ORS 163.732 defines the crime of stalking:
“(1) A person commits the crime of stalking if:
“(a) The person knowingly alarms or coerces another person or a member of that person's immediate family or household by engaging in repeated and unwanted contact with the other person;
“(b) It is objectively reasonable for a person in the victim's situation to have been alarmed or coerced by the contact; and
“(c) The repeated and unwanted contact causes the victim reasonable apprehension regarding the personal safety of the victim or a member of the victim's immediate family or household.”
“ ‘Repeated’ means two or more times.” ORS 163.730(7).

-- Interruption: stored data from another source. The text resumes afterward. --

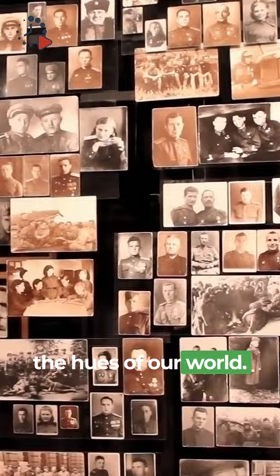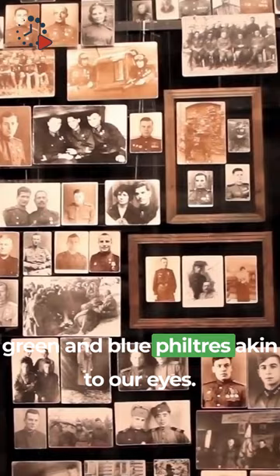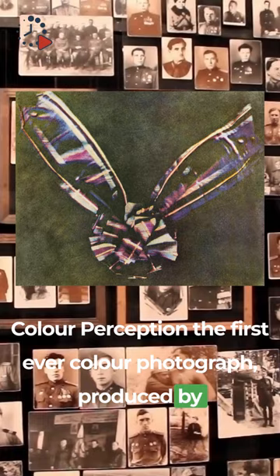This revolutionary approach hinged on capturing images through red, green, and blue filters, akin to our eyes' color perception. The first-ever color photograph, produced by Thomas Sutton for a Maxwell lecture in 1861, marked the birth of a new era in visual representation.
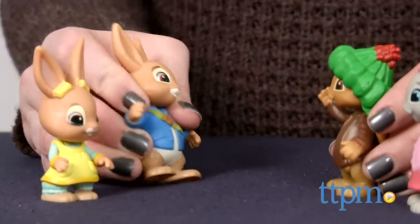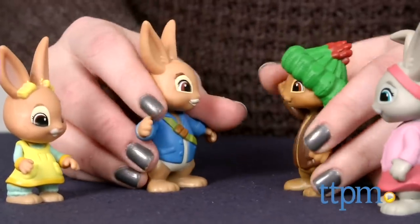Peter Rabbit fans can collect their favorite characters from the show with these figures. Hi, I'm Laurie from TTPM, here with Peter Rabbit Figure 2 Packs from Cartwheel Kids.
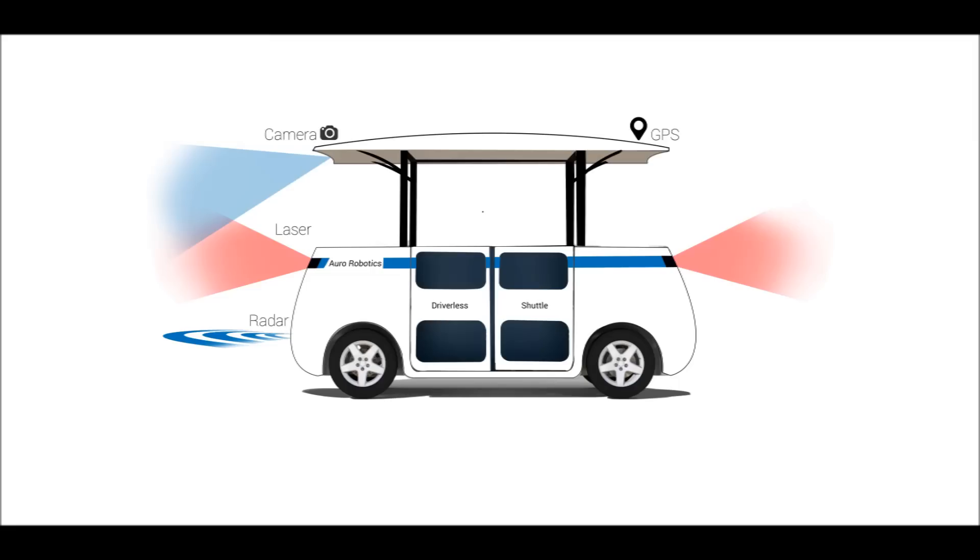It uses laser, camera, radar and GPS for a complete 360 degree view of the surroundings.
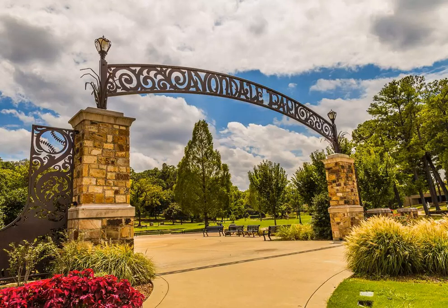Highlights include a scenic lake, duck pond, a manicured rose garden and gazebo, tennis courts, playgrounds, walking paths, and baseball and softball fields.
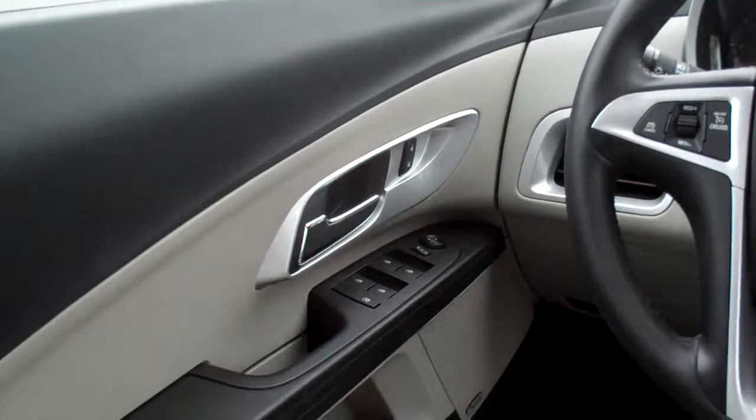Power windows, door locks, mirrors over here. Nice analog gauges, and you got a sunroof — pop that baby open and let the wind blow in.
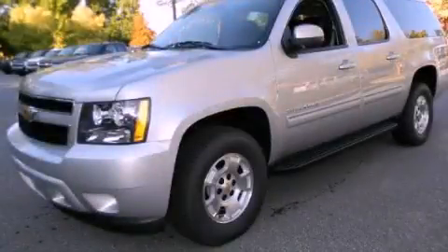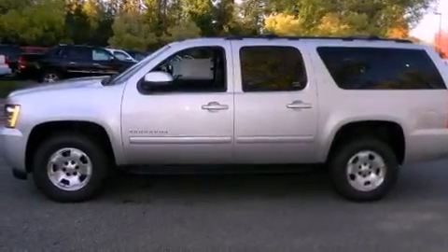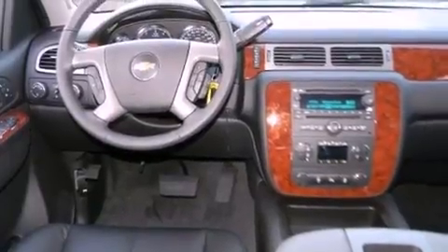This is a brand new 2012 Chevrolet Suburban for when safety, size, and space are of importance. It features a 5.3-liter, eight-cylinder engine, a six-speed automatic transmission, and four-wheel drive.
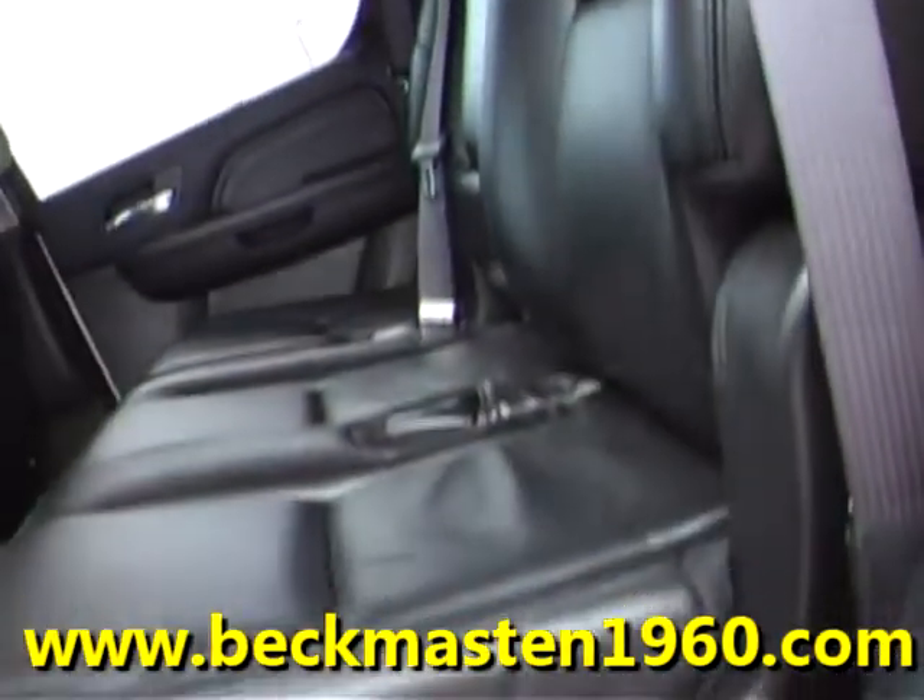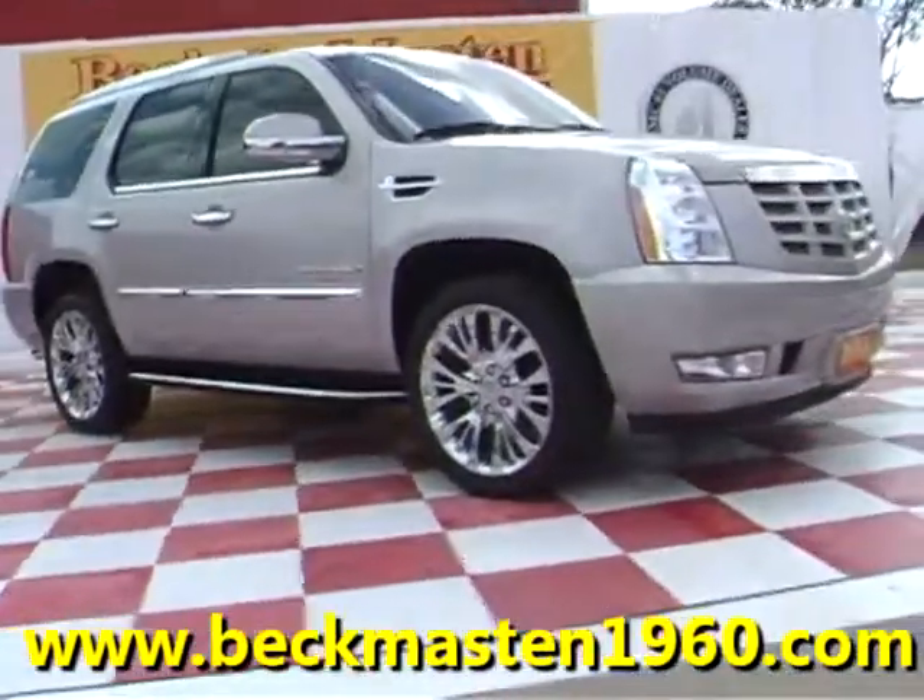We are located on 1960 between 290 and Jones Road. Give us a call today. We are Beckham Masten 1960.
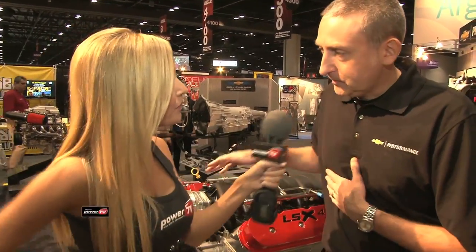Jessica Barton here at PRI 2011 in the Chevrolet Performance booth. I've got Dr. Jamie Meyer standing with me. Good morning. Thanks for stopping by, nice to see you.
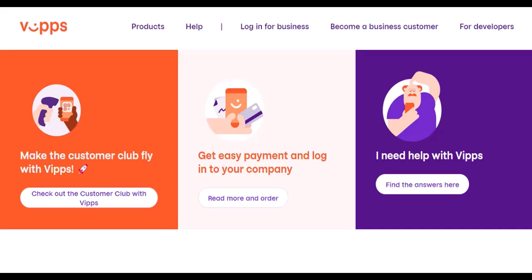But for those outside the loop, you might be wondering: what exactly is Vips, and how does it work? Buckle up, because we're diving into the world of Viking payments. From cash to clicks — the rise of Vips.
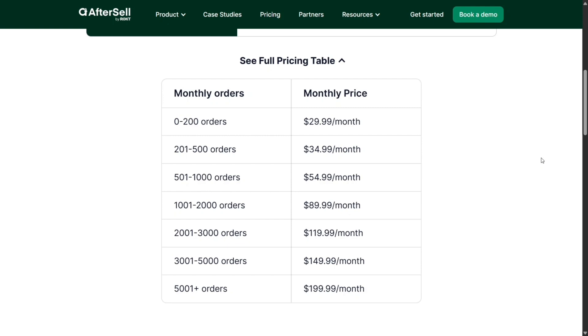AfterSell offers a 30-day free trial, which is generous enough to test strategies and confirm ROI. Many brands report a 20–30% increase in AOV within the first month. I experienced about a 5% AOV boost in just days — a solid ROI.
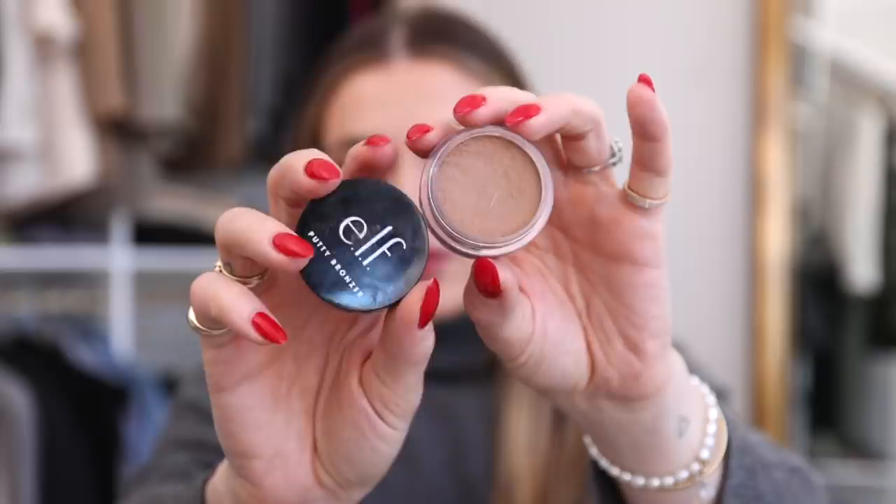A drugstore dupe that rivals any cream contour or bronzer is the ELF Putty Bronzer in the shade Tan Lines. It's a little lighter and less pigmented than the Huda and NARS options, but you can build it up and it performs just as well. It was an amazing launch from ELF this year. Yes, that's three favorites of essentially the same product, but I genuinely used all of them throughout the year — cream contours and bronzers are one of my favorite steps.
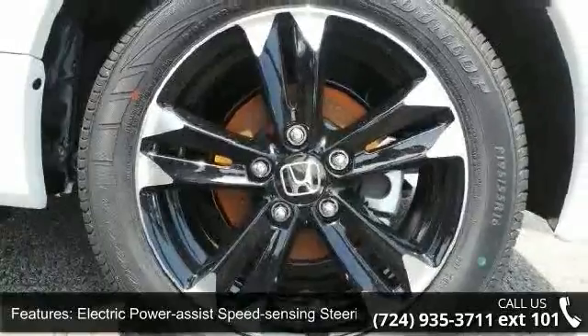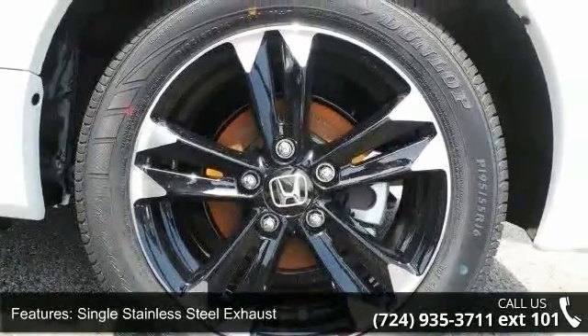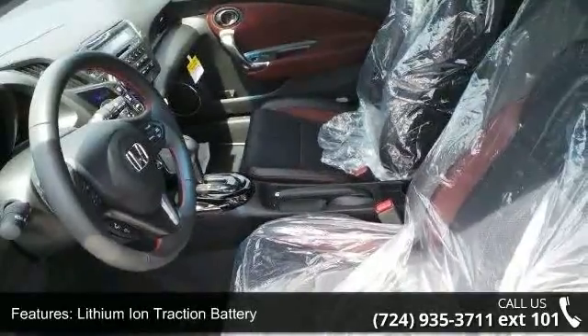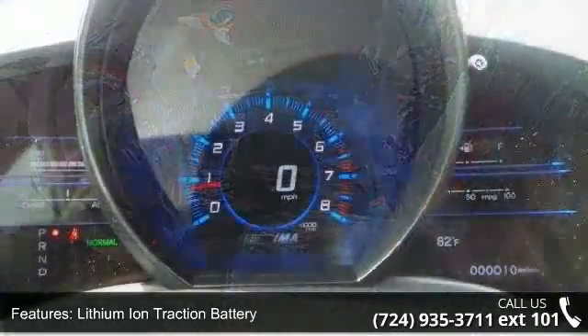Low mileage is an important factor in your purchase and this vehicle delivers a low odometer reading. Don't let this vehicle get away — call or click to schedule a test drive today.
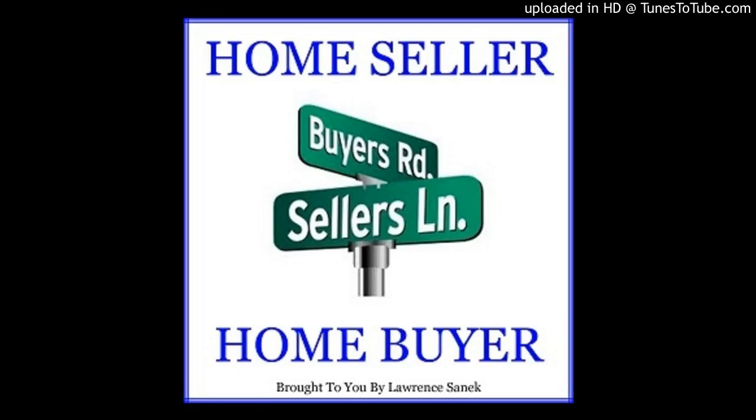Thank you for listening to home buyer episode 25 about the 10 ways home buyers can improve their credit scores. We're grateful for the time you've taken to listen to this podcast and look forward to your input on future topics. You can find the notes at homesellerhomebuyer.com and leave your comments, questions, and suggestions using the contact us button, or email us at info@homesellerhomebuyer.com. Tell your family, friends, and co-workers about the Home Seller Home Buyer podcast. Thank you for listening so you can stay informed.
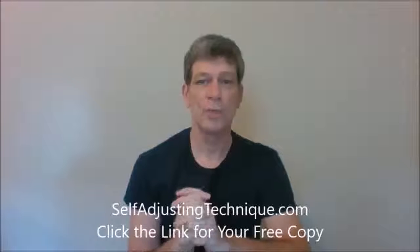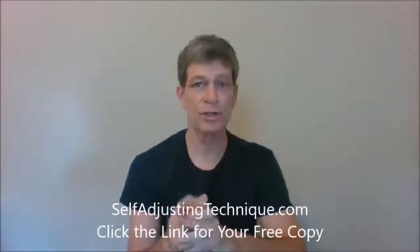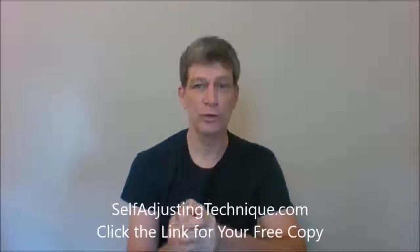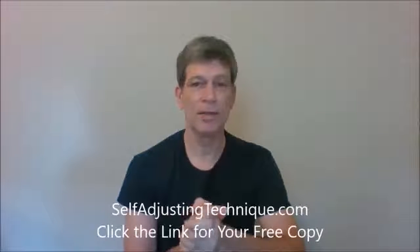When your back hurts you want the best and fastest treatment for your particular condition and you want it now. You can now find out exactly the best treatment for your particular issue, covering all different types of back pain and back pain secrets.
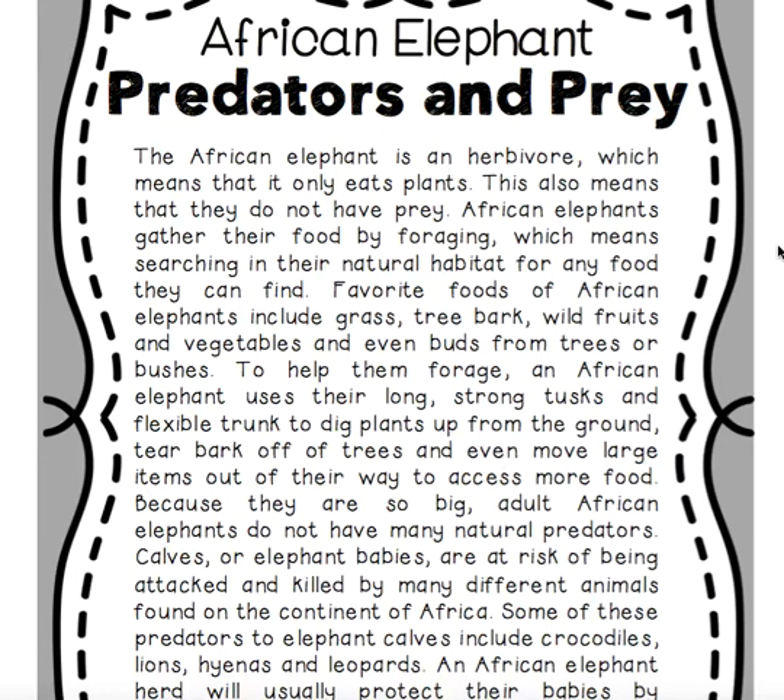The African elephant is an herbivore, which means that it only eats plants and therefore does not have prey. African elephants gather their food by foraging, which means searching in their natural habitat for any food they can find. Favorite foods include grass, tree bark, wild fruits, vegetables, and even buds from trees or bushes. To help them forage, an African elephant uses their long, strong tusks and flexible trunk to dig plants up from the ground, tear bark off trees, and even move large items out of their way to access more food.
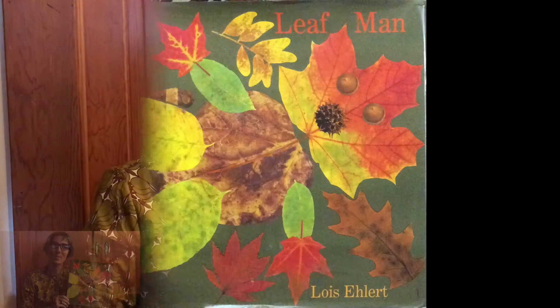Good morning, preschool families. It's G-Sap from Butterfly Garden Preschool and today we're going to read a story called Leaf Man by Lois Ehlert.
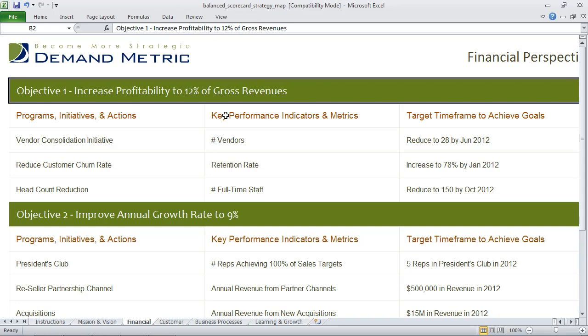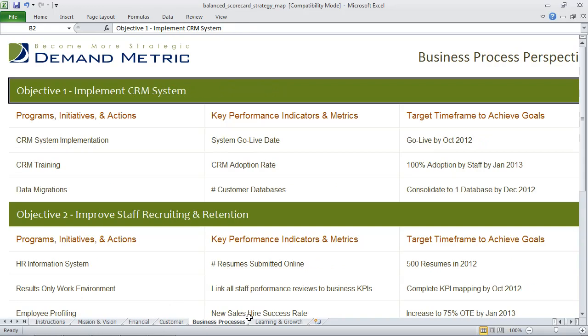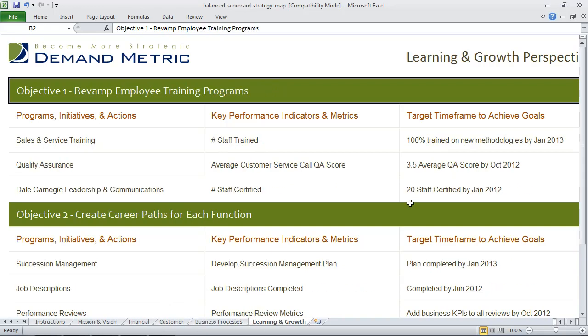The idea here is pretty simple. You outline the objectives, programs, KPIs, and target timeframes for each of the four key perspectives. Then you can use these results to communicate your balanced scorecard strategy map with the rest of your team.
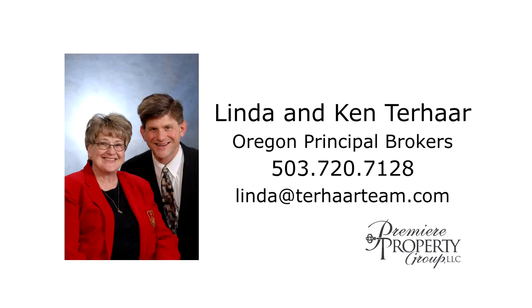For more information or to schedule your personal tour, please contact Linda and Ken Terhar with Premier Property Group.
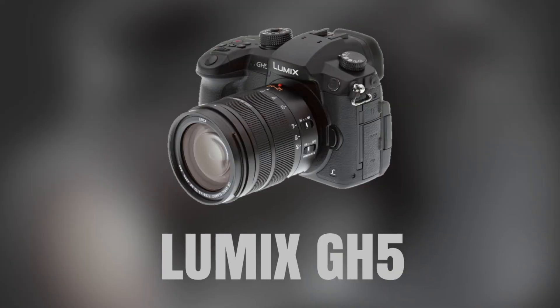The Panasonic Lumix GH5 is a micro four-thirds mirrorless camera that offers high-quality video capabilities, including 4K recording at up to 60 frames per second. It also features in-body image stabilization, making it an excellent choice for handheld shooting.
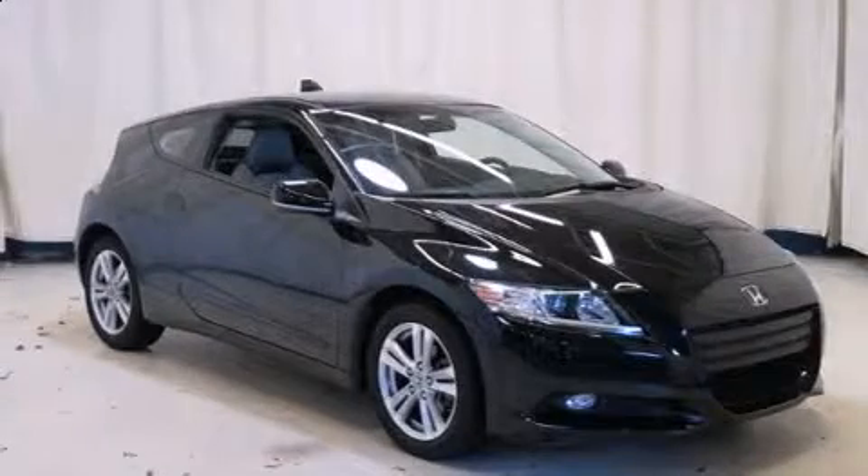You can expect a lot from the 2011 Honda CR-Z. This two-door, two-passenger coupe still has less than 45,000 miles.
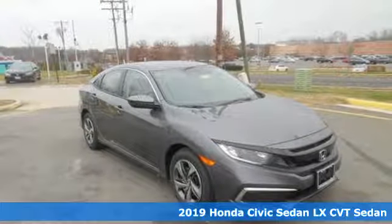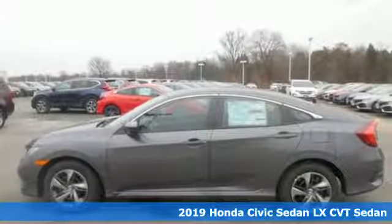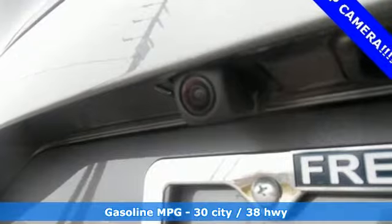It's a new 2019 Honda Civic Sedan. The energetic Civic makes the destination less important than the journey, plus it offers an exciting list of features.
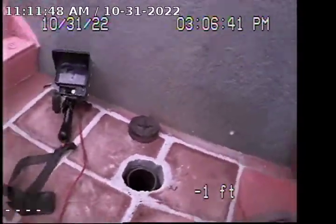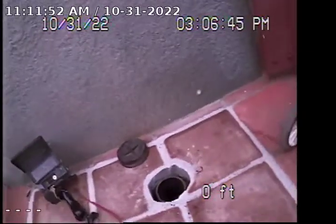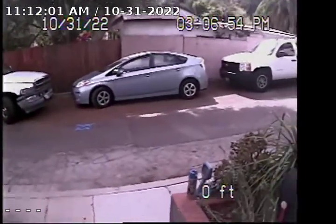Through this 4-inch ABS clean-out, looking on the front right-hand side of the property — video number three, like I said. Over towards that blue paint mark is where the city lateral connection is.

To avoid concerns that the criminal stalking statute was unconstitutionally overbroad for its potential to improperly restrict speech under Article I, section 8, of the Oregon Constitution, the Oregon Supreme Court limited the reach of ORS 163.732 in Rangel, 328 Or. at 298–306, 977 P.2d 379. Thus, if the charged conduct is of a “purely communicative nature,” State v. Sierzega, 236 Or.App. 630, 637, 237 P.3d 234 (2010) (internal quotation marks omitted), it must also be shown that the communication amounts to a “threat.” Rangel, 328 Or. at 303, 977 P.2d 379. A threat “is a communication that instills in the addressee a fear of imminent and serious personal violence from the speaker, is unequivocal, and is objectively likely to be followed by unlawful acts.” Id. A threat does not include “ ‘the kind of hyperbole, rhetorical excesses, and impotent expressions of anger or frustration that in some contexts can be privileged even if they alarm the addressee.’ “ Id. (quoting State v. Moyle, 299 Or. 691, 705, 705 P.2d 740 (1985)).
As noted, to convict a person of stalking under ORS 163.732, the state must, among other things, prove that there were “repeated contacts”—that is, the state must prove that there were at least two contacts. In this case, the state charged defendant based only on the statements that he made on October 31, i.e., the state charged defendant on the basis of expressive conduct. Thus, even if we were to assume the existence of an unwanted contact before October 31, the state was required, as a matter of law, to show that defendant's statements on October 31 amounted to a “threat” as defined in Rangel in order to establish a second contact. At oral argument, the state conceded that the October 31 statements did not constitute a threat under Rangel. We agree and accept that concession. Accordingly, the trial court erred in denying defendant's MJOA.